If the bit-28 setter is inside the inner wait or one of the kernel calls
(`bl 0x824AA8B0`, `bl 0x824AA330`), the fix might be a missing event signal
or a wrong handle-state evolution.
If we can't identify the setter cleanly, the synthesis fallback is to
**inject a kernel-side hook that clears bit 28 of [r30+0] on every entry to
sub_822F1AA8's bit-check site (0x822F1BB0)**. Crude but should keep the
main thread in the loop.
## Why this is a clearer wedge picture than rounds 22-33
Rounds 22-33 chased the audit-049 wedge from various angles. The diagnoses
landed on different layers:
- R22: "wrong cluster targeted" (cluster A vs B)

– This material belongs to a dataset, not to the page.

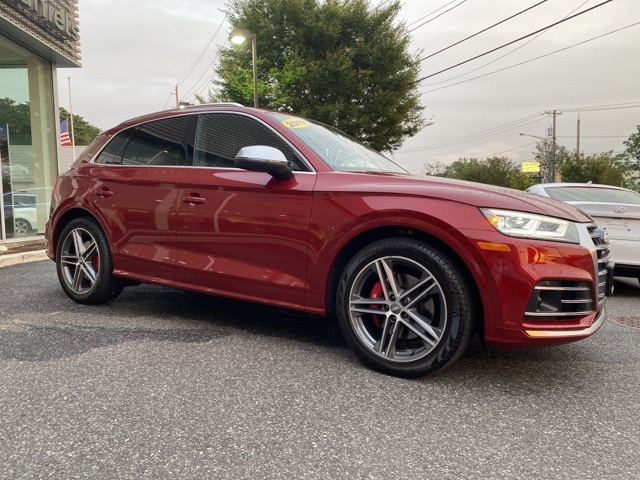 2019 Audi SQ5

- R26-30: "state-machine progression bug"
- R32-33: "pool 3 starvation; bootstrap walk-back"
This round establishes the simplest possible framing:
> **Canary's main thread loops forever in a dispatcher; ours' main thread
> exits the loop after one setup phase. The exit is gated by a single bit
> on the controller's flag word.**
If bit 28 of `[controller+0]` could be permanently cleared, ours' main
thread would stay in the loop, sub_821741C8 would dispatch, signals would
flow, tid=13 would complete, draws would happen.